Hegel, Kant, Wittgenstein, Hume, Locke, Rousseau, Voltaire. Cogito, ergo sum. Sum, ergo cogito. A butterfly can remember its life as a chrysalis, and I have full cognisance at cellular level of my previous manifestations. JA grows me specially, once a year, for a charitable purpose. This year I have a Teutonic shape. The flecks of grey soften my appearance. Mug, handkerchief, ashtray – they will end up in a grey bin, or at The Red Cross. I will have the last laugh.

The newspaper cutting

Protected by a plastic wallet, I’m a piece from The Guardian 08.05.12. How we made … Break Down: Artist Michael Landy on how he and his collaborator destroyed all 7,227 of his possessions. Need I say more?

Exhibitions

I’ve just renewed my annual Museum pass. With a typical entry fee of 15 Euros, it’s well worth it: over 400 Dutch museums take part. There is usually a top-up fee for major exhibitions. I wrote the prose poem on a recent workshop.

Exhibitions

You can’t just wake up and decide to visit an exhibition. Not a major show. You must book a ticket online beforehand and choose a time slot. I managed to get one, Saturday lunchtime, for the Manhattan Masters. Rembrandt, aged 52, poster boy.

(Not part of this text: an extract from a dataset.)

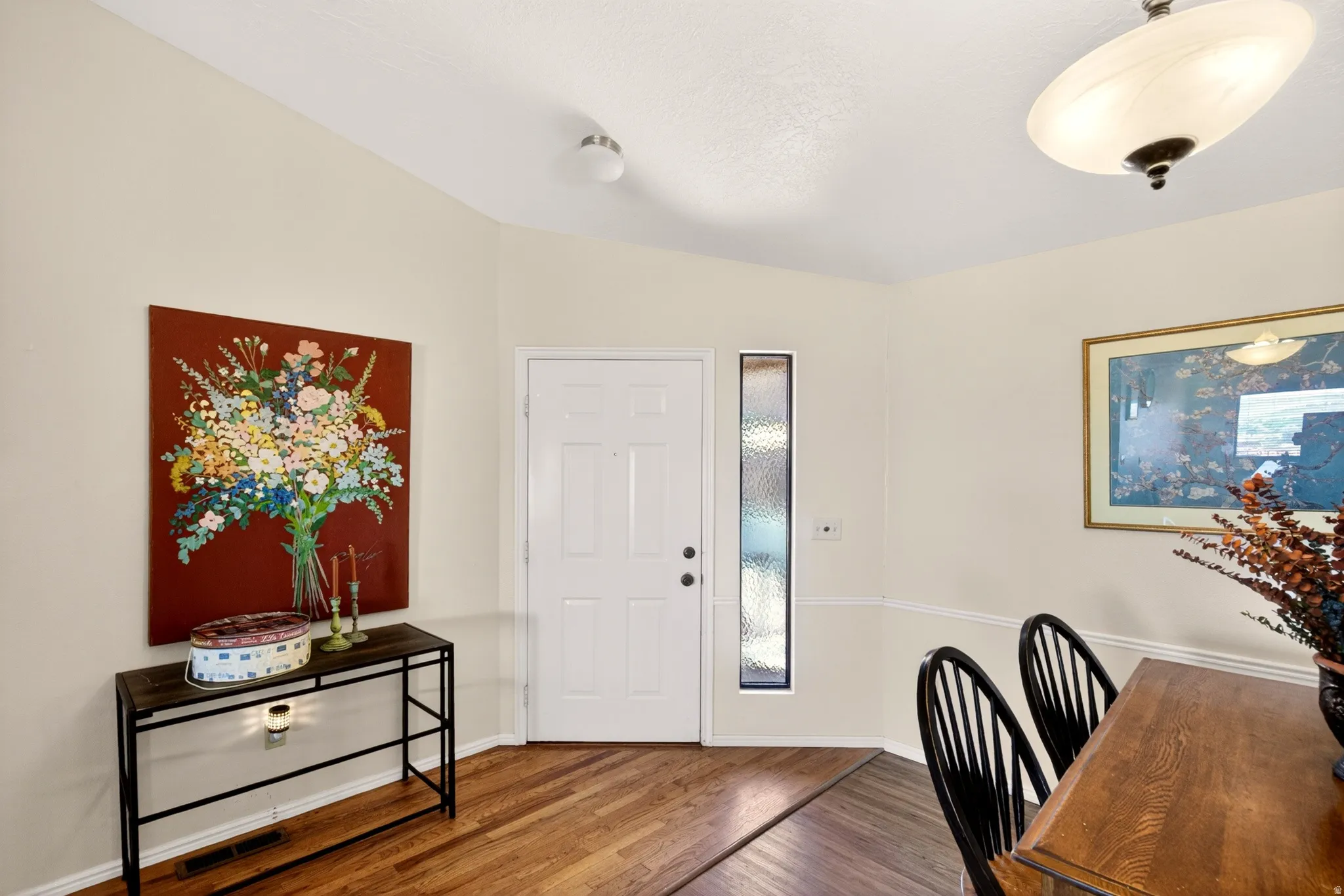Entrance foyer with wood finished floors and baseboards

I was way too early (I’d gone with Astrid to collect her prize from the Xmas competition and have our photo taken) so I ended up buying books in all three bookshops near the Mauritshuis. Manhattan Masters, ten paintings over from New York while the Frick is being refurbished. The Fricks went to Europe to buy, do the grand tour. They were booked to travel back on the Titanic. She sprained her ankle and they postponed.

I won’t even tell you about the Vermeer at the Rijksmuseum, the coloured lines on the floor, everyone taking photos, the horse-tooth woman who needed to be in the photo with the painting. I gave up after 30 minutes. I think it’s well-known that the exhibitions of prehistoric art take place in replica caves with fake bones and spotlights on those red hand prints and bison on the walls. I’ll give it a miss. I’ll order the catalogue and a pack of six postcards from the museum shop online.

Optimism

Any writer is an optimist. Why? Number one: they think they’ll finish their book. Number two: they think somebody will publish it. Number three: they think somebody will read it. That’s a lot of optimism.       (Margaret Attwood in a recent interview.)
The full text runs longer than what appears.